A museum of rural life that is itself stuck in the past is desperate for community support to keep its treasures on display.
The great 14th century Abbey Barn at Glastonbury – itself a scheduled ancient monument – that lies at the heart of the Somerset Rural Life Museum has not undergone any major work for 40 years and is becoming increasingly out-dated.
Custodians are keen to point out they do not wish to lose the barn’s charm, but simply carry out works such as opening the many galleries – some of which are inaccessible to wheelchairs or child buggies – so that more people can enjoy the museum.
Public consultation shows people would like the museum to tell more stories of the past, but many of the exhibitions are not displayed or interpreted in ways that meet modern expectations, despite the museum’s archives holding a wealth of material on the fascinating history of the county and rural life in general.

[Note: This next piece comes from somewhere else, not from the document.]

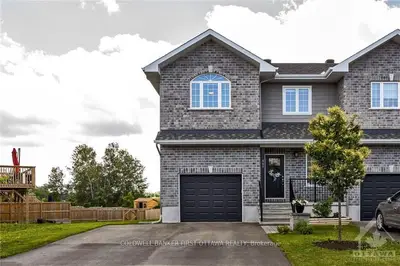 657 MEADOWRIDGE Circle, Carp - Huntley Ward, ON K0A 1L0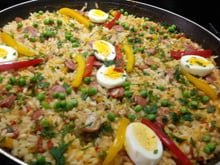 Paella de frango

The exhibits attract 300,000 people of all ages from all over the UK each year. The museum is especially popular with school groups and families, but there is no dedicated indoor space for learning.
Somerset Heritage Service, part of Somerset County Council, is applying to the Heritage Lottery Fund and other external backers to redevelop the museum.
The fund has already agreed outline plans, with detailed proposals due to be submitted in January next year. But SHS needs to show that it has community support to win the Lottery aid.
So heritage leaders are running a community support campaign, visiting schools, businesses and other community areas to raise the profile of the bid and create a lasting legacy. They have also created a community banner, on which people can show support simply through signing their name. Three hundred people have signed so far.
Among other plans, heritage bosses have pledged to maintain the barn in its present state, but improve its setting to make it more accessible and more suitable for activities and events; create a dedicated indoor learning and activity space, more exhibition space and lifts between the various areas of the museum site.
A spokesman said: “First and foremost, we want the museum to continue to tell the rich story of Somerset’s rural and social history. We also want to improve physical and intellectual access to the museum and its collections, provide a dedicated space for learning and community activities, and improve our visitor facilities.
“The Somerset Rural Life Museum has a special charm which we do not want to lose. Our redevelopment plans will be sympathetic to the existing fabric and will build on what people tell us is important to them about the museum.”